• Description of the task:
Images are not wanted; transcribe the rest of the listing exactly.

• Data provided:
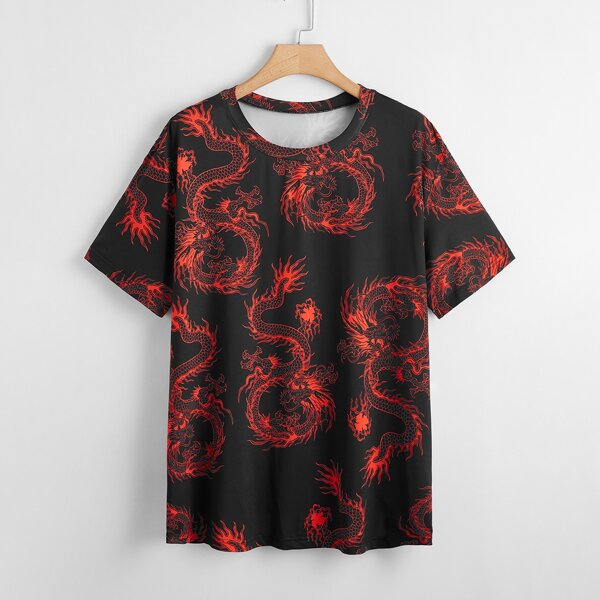 

Plus Chinese Dragon Print Tee, Black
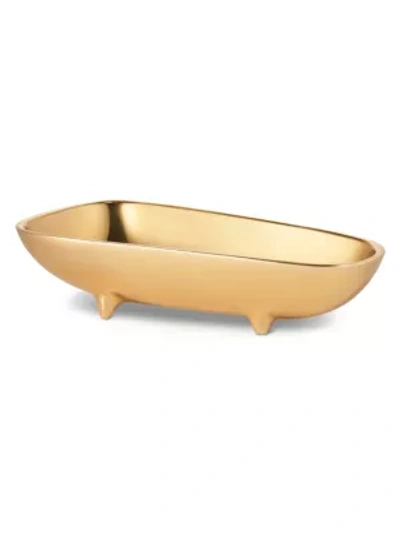 Aerin Small Valerio Footed Bowl In Brass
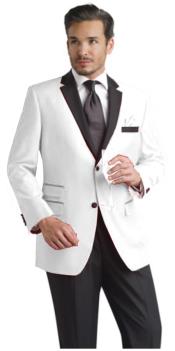  White Two buttons Notch Party Boy Wedding Toddler Suit For Groom Weddings & Prom ~ Wedding Groomsmen Tuxedo 2020 & Dinner Jacket Sportcoat Jacket W/ Dark black Collared Blazer ~ Suit Jacket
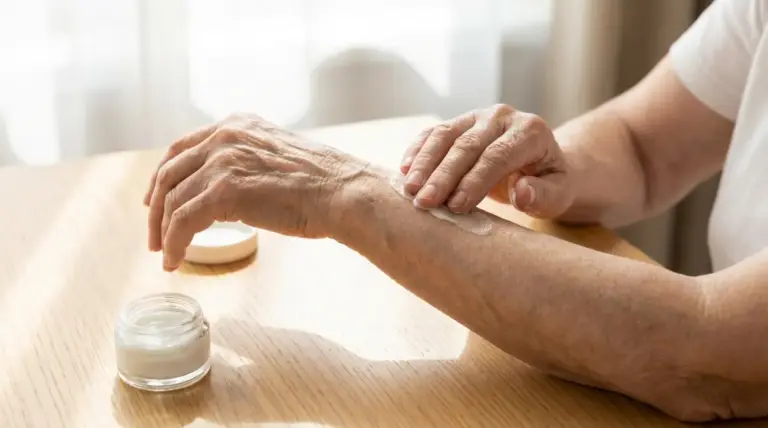 Persona anziana applica una crema idratante sull’avambraccio per rinforzare la pelle fragile dopo i 60 anni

• Response:
Plus Chinese Dragon Print Tee, Black
 Aerin Small Valerio Footed Bowl In Brass
  White Two buttons Notch Party Boy Wedding Toddler Suit For Groom Weddings & Prom ~ Wedding Groomsmen Tuxedo 2020 & Dinner Jacket Sportcoat Jacket W/ Dark black Collared Blazer ~ Suit Jacket
 Persona anziana applica una crema idratante sull’avambraccio per rinforzare la pelle fragile dopo i 60 anni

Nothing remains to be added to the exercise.